Do you guys have any better software picks?
Trying to get this all planned out so I can start a diagram and a hardware list.

Then create a map.
Don't want any surprise needs and have to rip up walls to run cable, under alocate switches/patch panels, and server cabinet space.

Also have to setup a UPS solution.

Let's see, you basically need three boxes:

Router
Any box with multiple network interfaces will do.

OS: pfSense

Services:

  • Routing
  • NAT
  • Firewall
  • DHCP
  • DNS
  • IDS/IPS: Snort
  • Caching (if absolutely necessary): Squid

So far so good.

Virtualization host
Building a separate box for each server is silly, so let's virtualize the less demanding services and run them from one host system. Use a hypervisor (like VMWare ESXi or Proxmox) to achieve this.

Virtual machines:

  • RADIUS server for authenticating wireless clients
  • Mail server
  • Web server
  • Database server
  • "Cloud" server
  • Additional experimental machines for learning

Storage box
Storage is not my thing, but Freenas is a well known option. Plex can be ran as a docker container on top of Freenas.


To split up the network, all you need is a managed switch, and some access points that support VLAN tagging with multiple SSID's.

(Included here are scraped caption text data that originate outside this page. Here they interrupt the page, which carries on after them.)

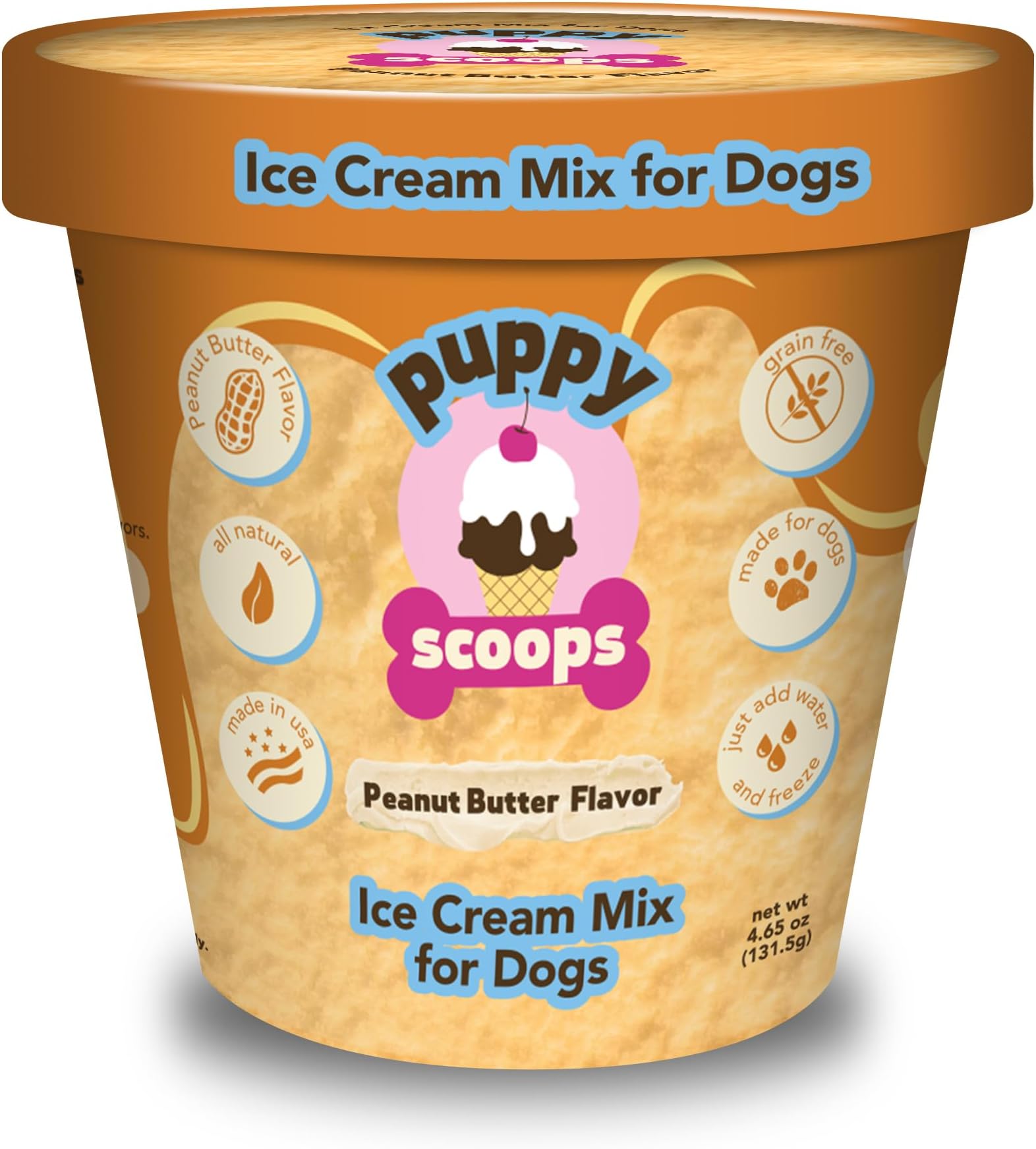 Puppy Scoops Dog Ice Cream Mix (Peanut Butter Flavor), 4.65 oz - Just Add Water and Freeze at Home, Powder Mix with Ice Cream Cup and Reusable Lid - Made in USA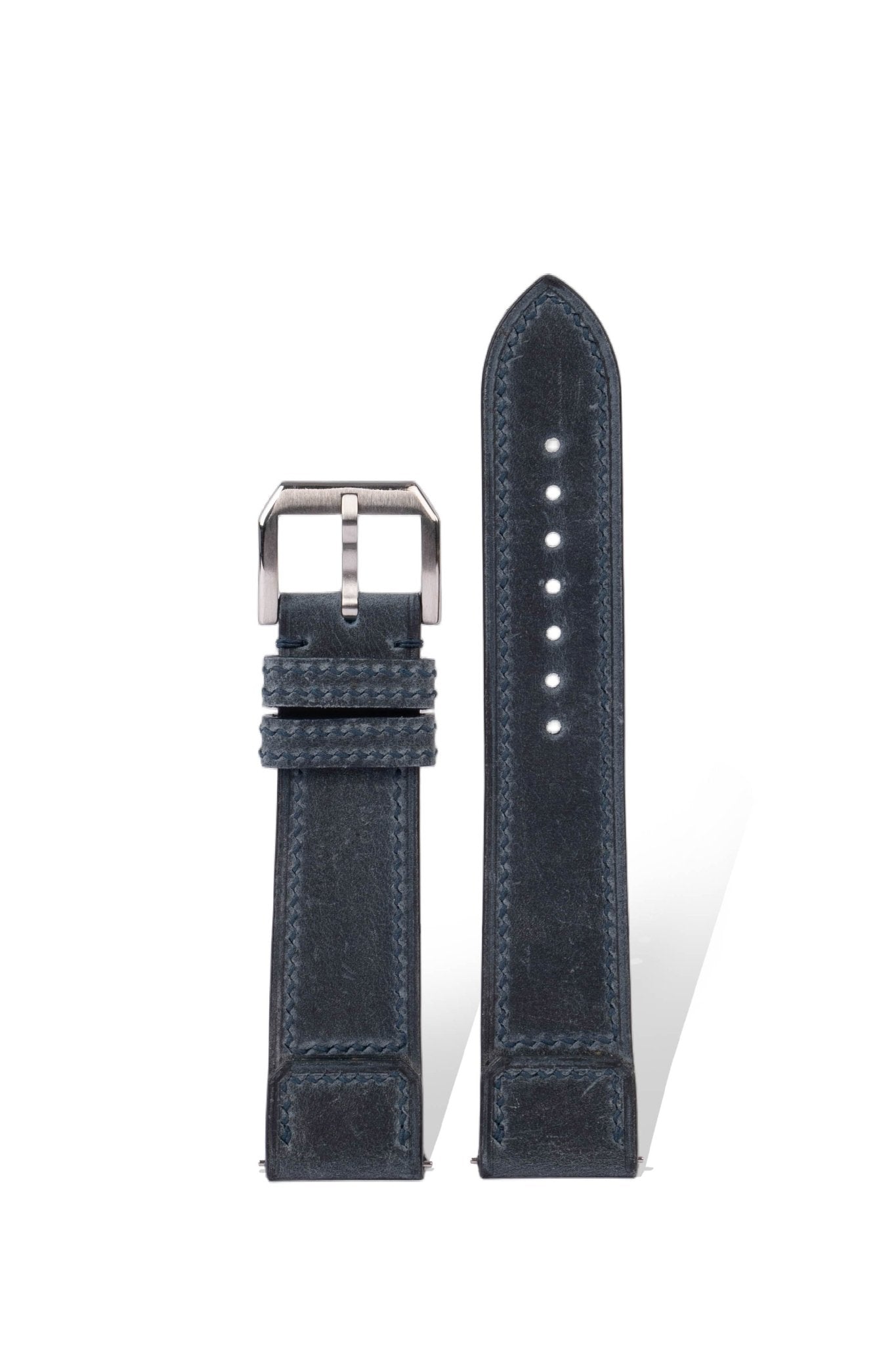 Handcrafted Crazy Horse leather strap in Pantone 19-3908 Peacock Blue, quick-release spring bars compatible with 20mm Rolex/Omega lugs, French oil-tanned with natural pull-up effect.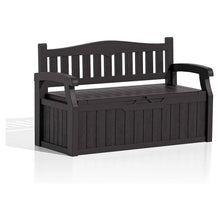 Load image into Gallery viewer, Heavy Duty Brown Plastic Outdoor Storage Garden Bench Patio Deck Box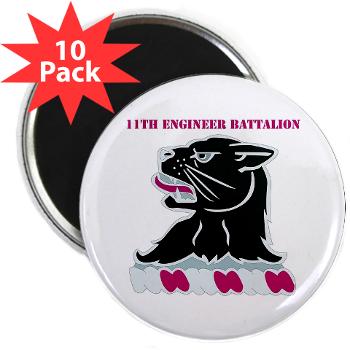 11EB - M01 - 01 - DUI - 11th Engineer Bn with Text 2.25" Magnet (10 pack)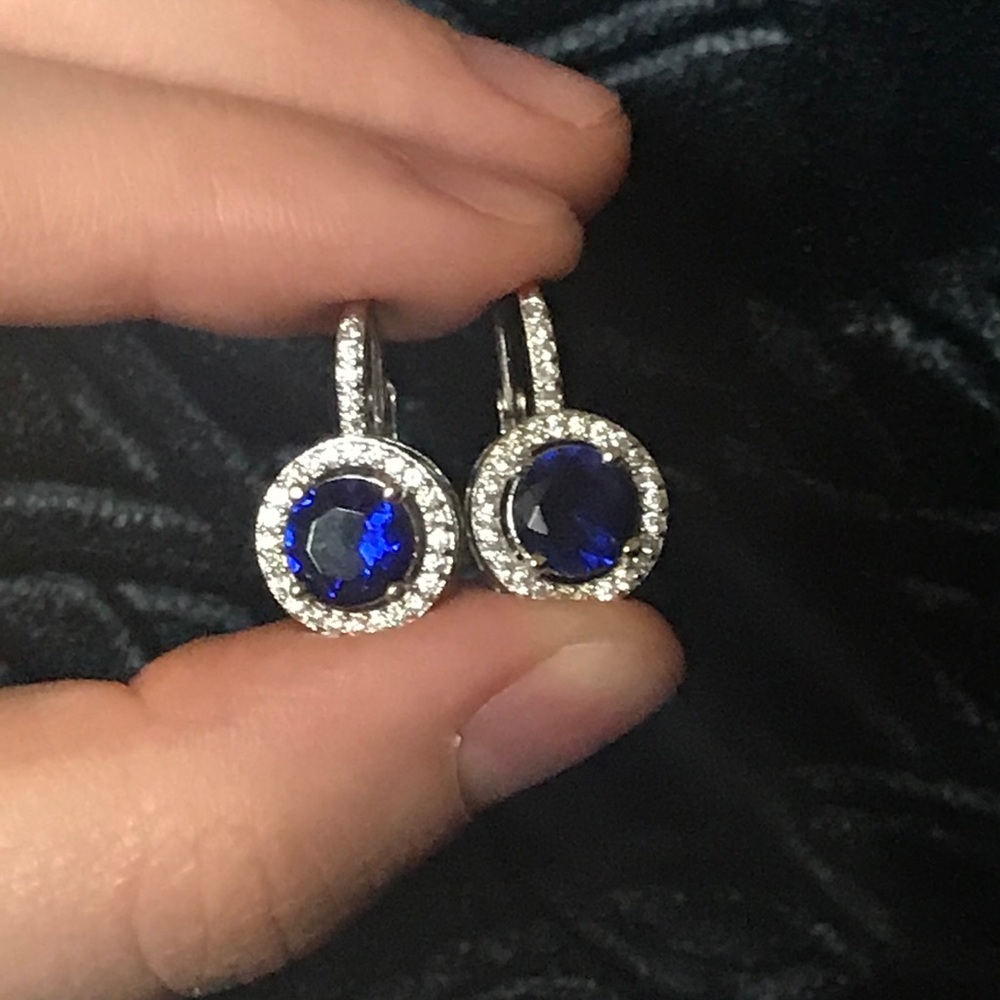 Halo setting sapphire formal earrings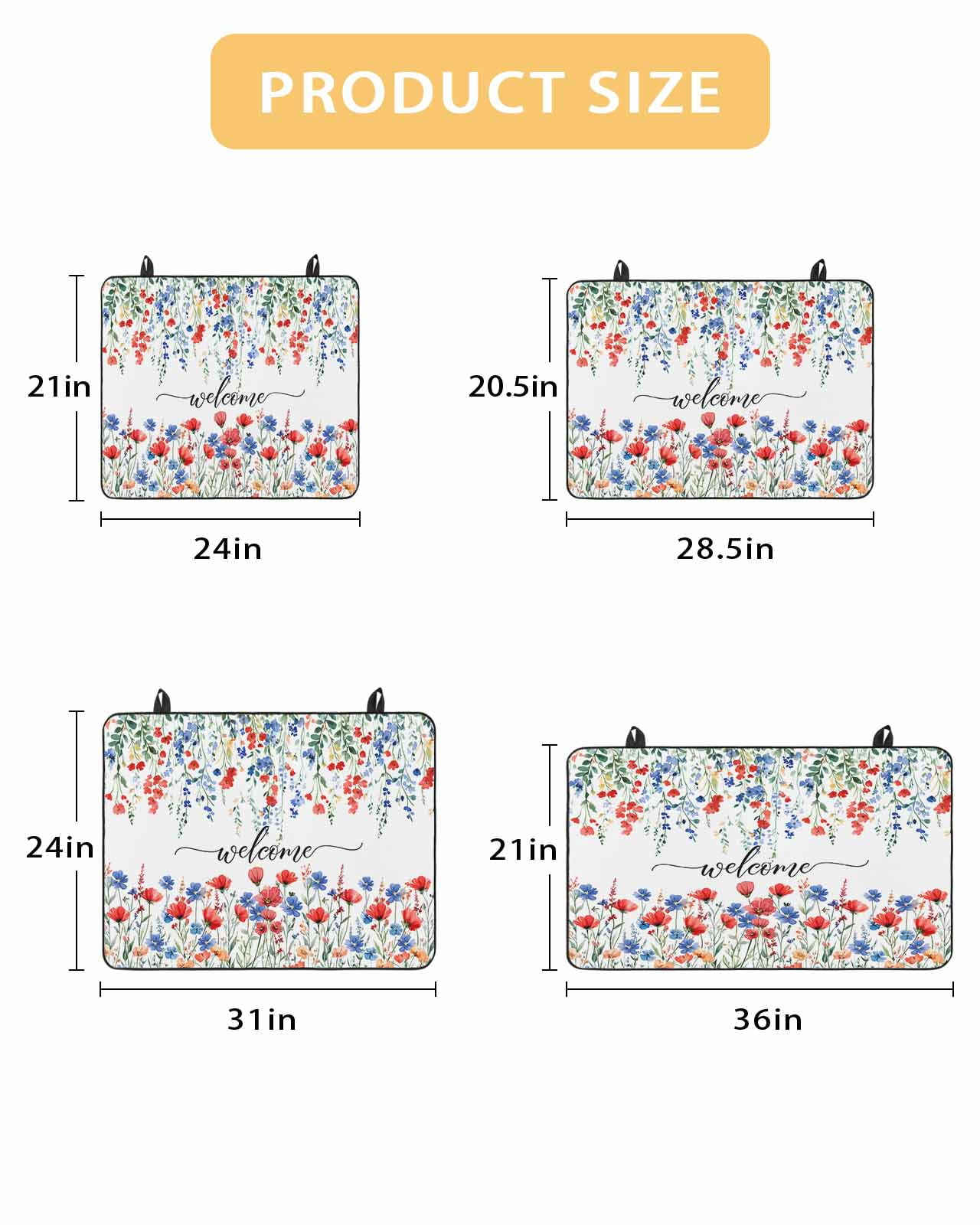 nqOlkjepod Large Induction Cooktop Protector Mat 24"x21", Pastoral Botanical Stove Top Covers for Electric Stove, Blue Red Floral Spring Welcome Stove Burner Cover Mats, Glass Top Stove Cover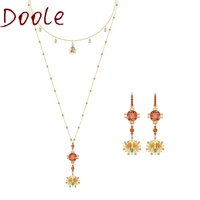 high quality swa fashion jewelry new lucky goddess double circle crystal women necklace bohemian style tassel pendant necklace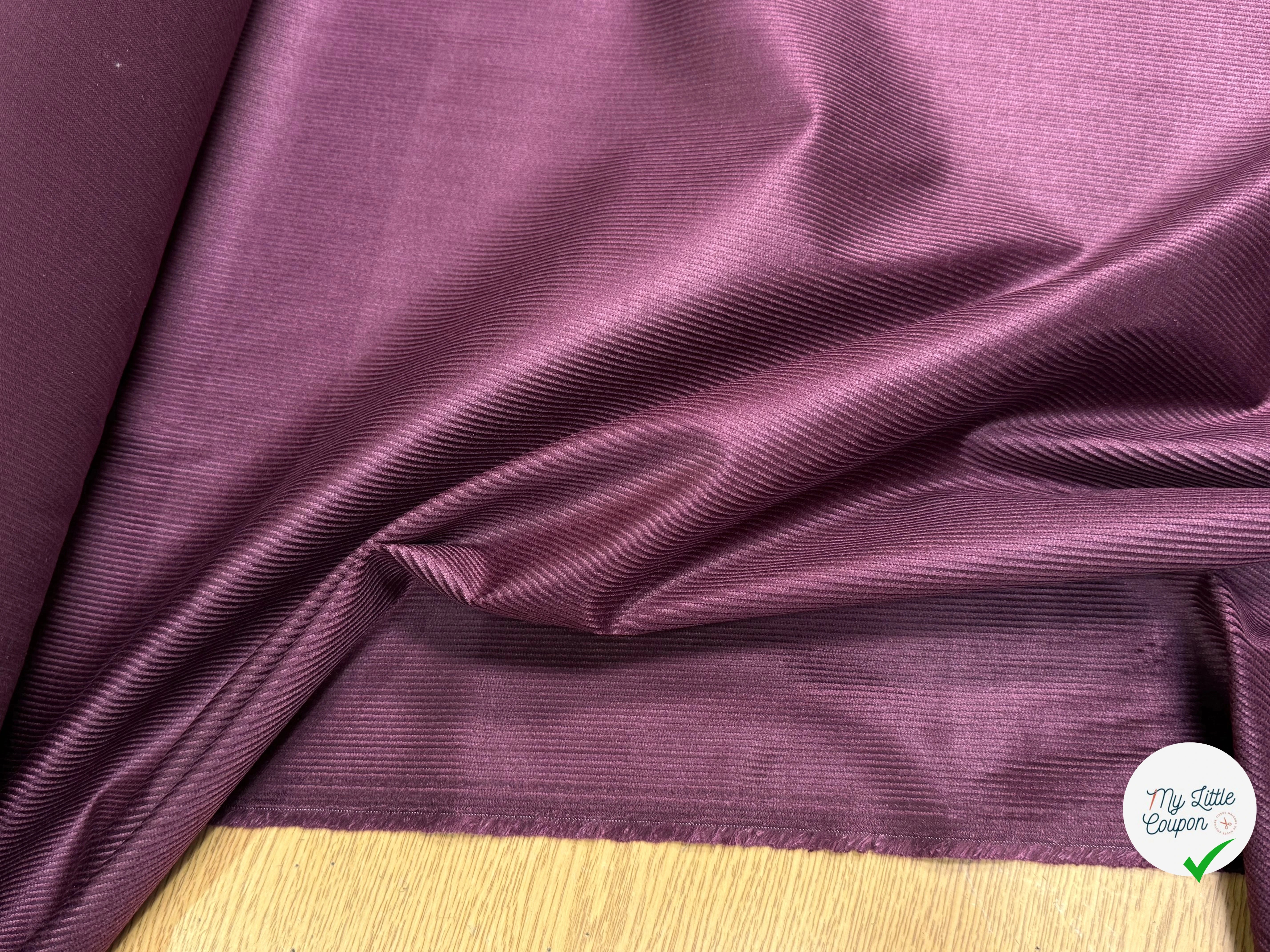 VELOURS DE COTON ET MODAL 500 RAIES STRETCH BORDEAUX 78% COTON - My Little Coupon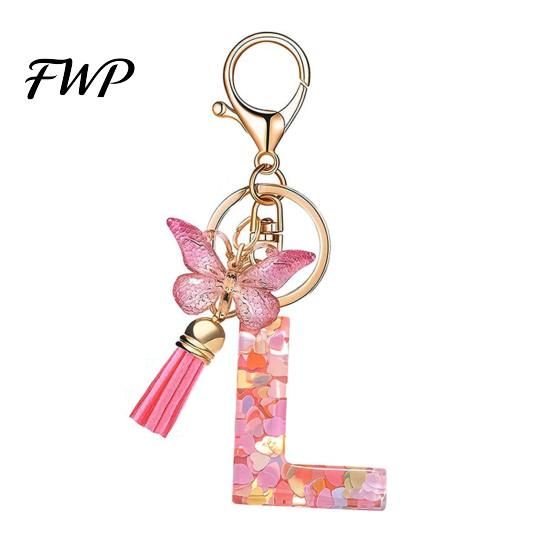 Initial Letter Charm Keychain Pink Series Pendant, Sequins Heart Key Chain with Holder Pendant Butterfly Tassel Design, A-Z for Bag Purse Backpack
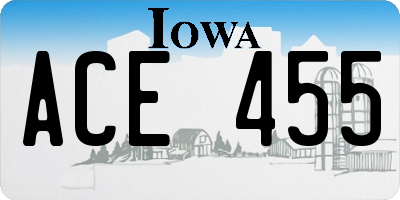 IA license plate ACE455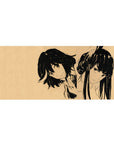 36x16 inches anime girl desk pad with bold black ink sketch of two stylish girls on beige parchment.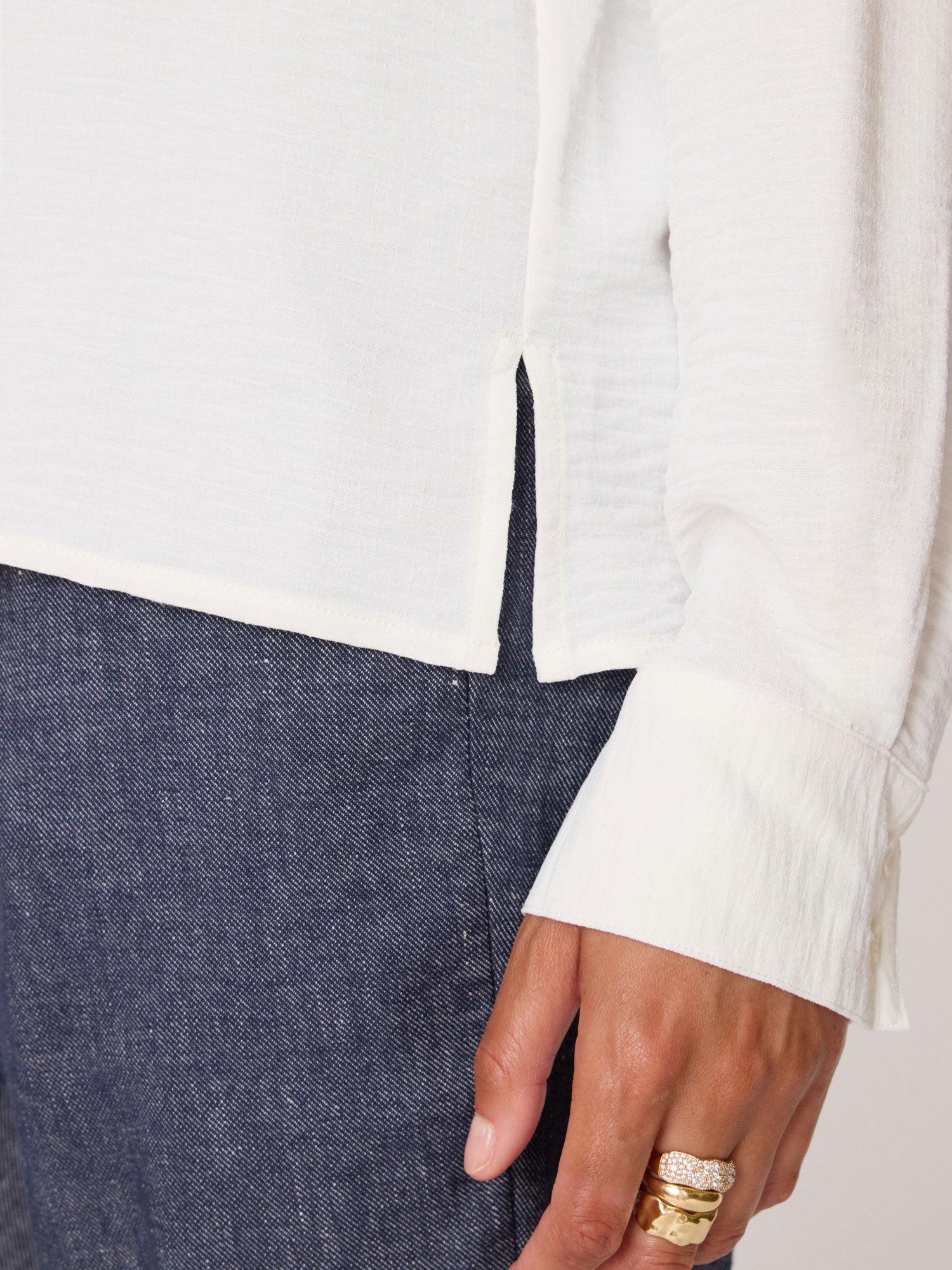Galey button-down long sleeve white blouse close up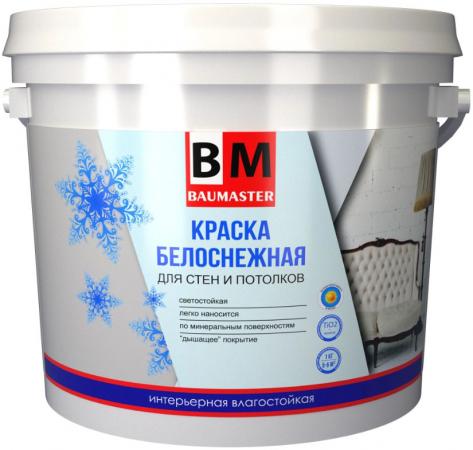 БАУМАСТЕР Белоснежная краска для стен и потолков (25кг) / BAUMASTER ...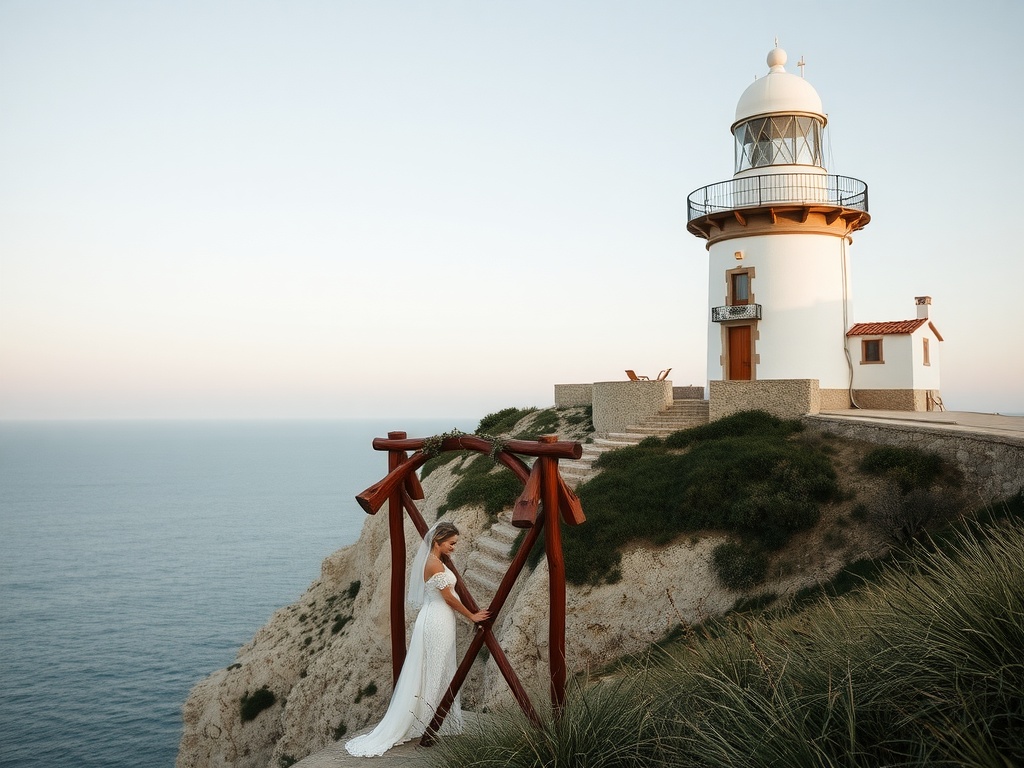 A historic lighthouse overlooking the ocean, providing a romantic wedding backdrop.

pfSense will handle the routing and firewalling between the networks, no need to have separate hardware here.

Here is a theoretical network layout (this numbering scheme is just an example):

VLAN 1: Private LAN (10.1.0.0/24)

  • Workstations (10GbE)
  • Storage server with Plex service (10GbE)
  • Experimental virtual machines
  • All devices connected to the "private" wireless SSID

VLAN 2: Guest LAN (10.2.0.0/22, only internet access)

  • All devices connected to the "guest" wireless SSID
  • Other services for guests
  • Traffic shaping/QoS (if necessary)

VLAN 3: No internet (10.3.0.0/24, only accessible from the private LAN)
We all know what happens when iOT devices have access to the internet, so let's not do that.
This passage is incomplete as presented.